Auditoria revela ‘ação entre amigos’ com uso de dinheiro no grêmio da Câmara Municipal

Marcelo de Souza
| Tempo de leitura: 3 min

“Ação entre amigos”, assim pode ser descrito o que foi feito no grêmio dos funcionários da Câmara Municipal de Bauru, no período de 2001 a 2005, que gerou prejuízos acumulados superiores a R$ 28 mil somente na contabilização parcial dos valores. Entre outros gastos com dinheiro dos associados, servidores que contribuíam com a formação do fundo, constam despesas com cabeleireiros, compra de peças como bateria automotiva e abastecimento de veículos, além de empréstimos pessoais, que não chegaram a ser pagos aos cofres do grêmio.

A “ação” foi revelada pela auditoria, aberta em novembro do ano passado, depois que a atual diretoria não conseguiu a documentação referente às contas da associação durante a gestão anterior. Na ocasião, a presidente do grêmio, Lenir Corrêa Machado, afirmou que iria abrir a auditoria porque o ex-presidente Arnaldo Geraldo não havia entregue os documentos informando a movimentação financeira da entidade.

A auditoria revelou ainda que, no período de abril de 2001 a março de 2005, houve vasta movimentação financeira, sem que isso traduzisse em saldo na conta do grêmio. Pelo contrário, de acordo com o relatório do auditor Norberto Souza Santos, em 31 de março do ano passado, o saldo deveria ser de R$ 26,5 mil mas não passava de R$ 49,51.

Existiam informações de que a diretoria anterior do grêmio teria efetuado empréstimos pessoais a terceiros, o que ficou comprovado na apuração. No relatório do auditor, consta que o grêmio emprestou mais de R$ 21 mil a associados entre maio de 2003 e dezembro de 2004.

As contas

Além dos empréstimos, o auditor aponta várias movimentações financeiras não justificadas, como cheques compensados em bancos sem a comprovação do motivo da emissão.

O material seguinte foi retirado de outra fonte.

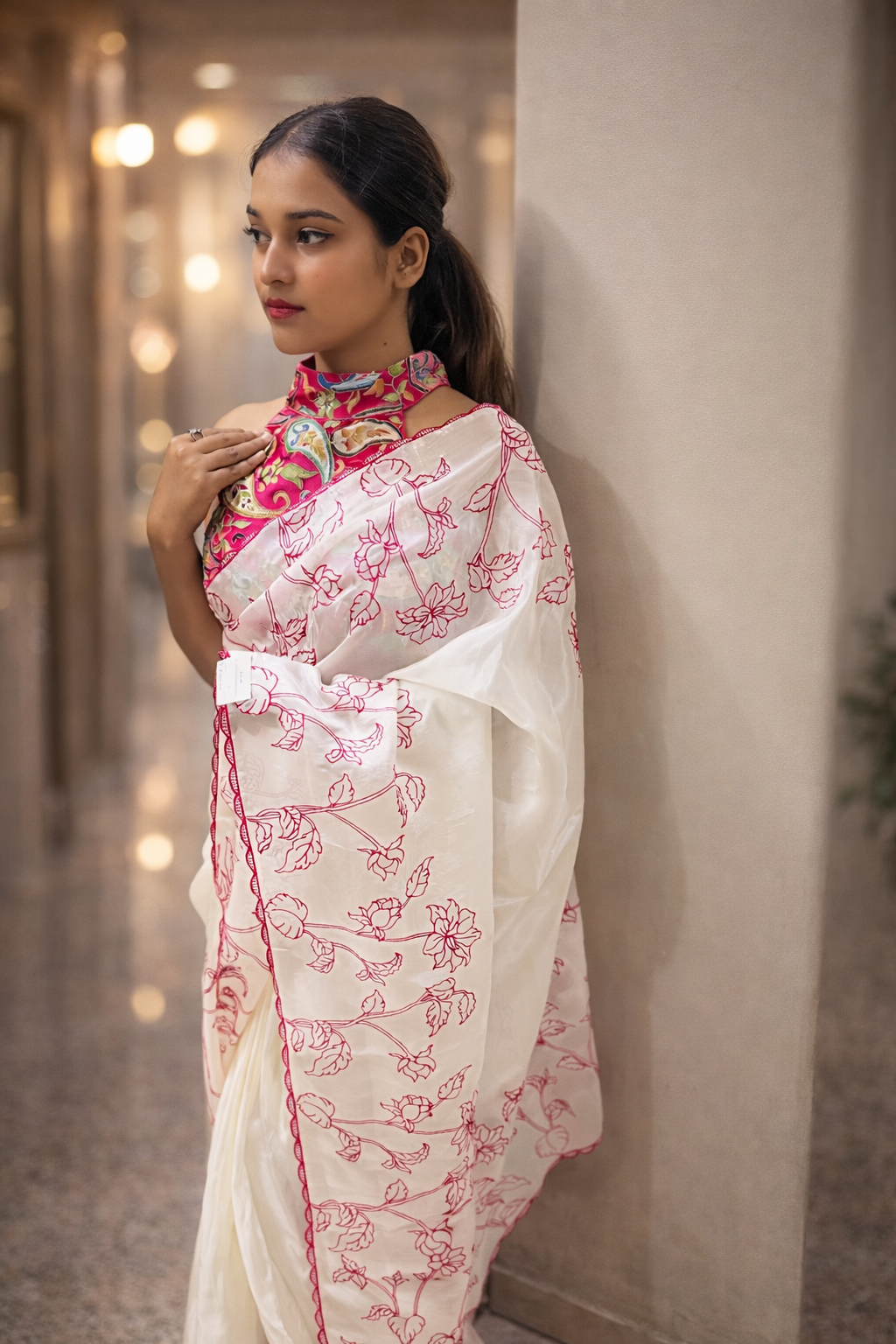 AURELIA BLANC Crepe Silk-Look Printed White Saree with Dual Blouse Set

Segundo Souza Santos, entre as atividades desenvolvidas durante o período em que Arnaldo Geraldo era presidente do grêmio, a movimentação financeira girou em torno de gestão própria - que deve ser custeada com contribuições dos associados -, e gestão de terceiros (convênios), ou seja, gastos dos associados que deveriam ser pagos por cada um, individualmente.

O auditor encontrou também recibos de gastos com salão de cabeleireiros, abastecimento de veículos, serviços médicos, entre outros, todos efetuados por associados do grêmio sem que o reembolso tivesse ocorrido.

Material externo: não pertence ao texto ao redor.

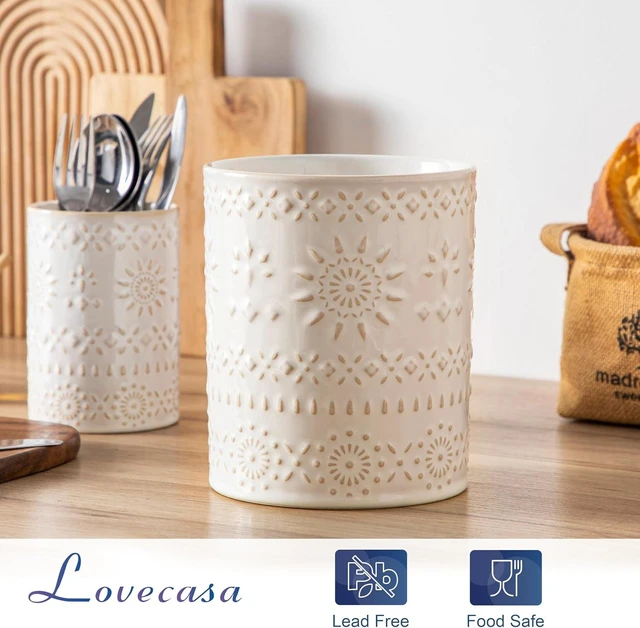 Alt view image 5 of 7 - KitchenKey Utensil Holder, 7.2"+5.4" Ceramic Utensil Holder for Countertop, Large Cooking Utensil Crocks for Kitchen Counter, Farmhouse Utensil Vase for Housewarming, Kitchen Decor, Set of 2, Oasis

“Elaboramos planilhas de evolução de saldos bancários, apurando os saldos teóricos, ou seja, o saldo que deveria existir se houvesse o recebimento integral dos valores pagos, relativos aos convênios mantidos, descontando-se das contribuições dos associados os valores gastos com despesas bancárias, despesas legais e judiciais, festas de confraternização e acrescentando a participação do grêmio em outros convênios”, cita Souza Santos no relatório.

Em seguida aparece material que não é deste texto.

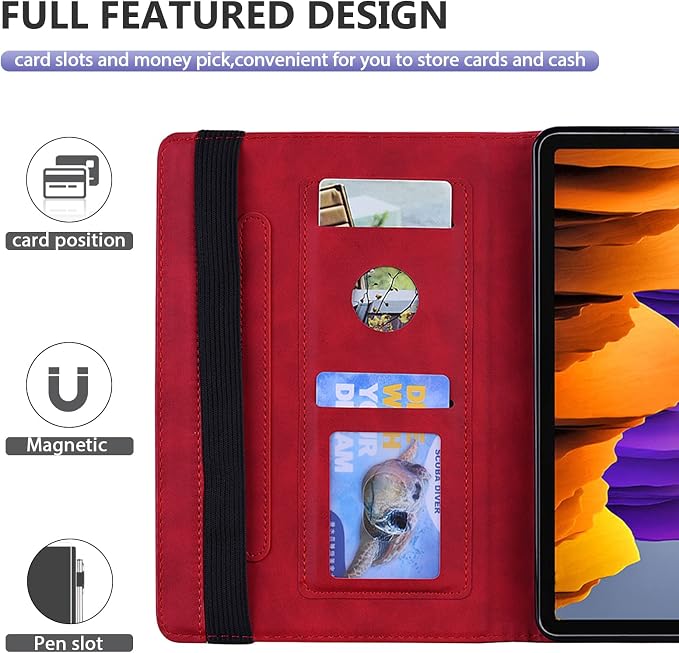 Dteck Wallet Case for Galaxy Tab S10+/S9+/S7 FE/S8+/S7 Plus 12.4 Tablet Premium PU Leather Folding Stand Auto Wake/Sleep Pen Holder Case with Hummingbirds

A conclusão de Norberto Souza Santos é que a diretoria anterior deverá pagar o saldo devido aos cofres do grêmio. A atual presidente, Lenir Corrêa Machado, deve convocar assembléia para apresentar o resultado da auditoria aos associados do grêmio e, a partir daí, decidir como proceder com relação à dívida da diretoria anterior com a organização.

O relatório não individualiza os empréstimos dos associados com o apontamento dos nomes. As informações são de que integrantes da legislatura anterior se valeram da entidade para retiradas, transformando o grêmio em um balcão de “ajuda financeira informal” para alguns casos. Não se tem conhecimento do reembolso dos valores. “Houve movimentação financeira extra-bancária, ou seja, recebimentos de valores que não foram depositados em contas bancárias e pagamentos sem emissão de cheques”, revela também a auditoria.

O ex-presidente Arnaldo Geraldo havia prometido prestar contas das despesas, o que não aconteceu com vários documentos fiscais e, além disso, a movimentação financeira em bancos como o Sudameris e BMC, conforme a auditoria. Geraldo não foi localizado ontem para falar sobre o assunto.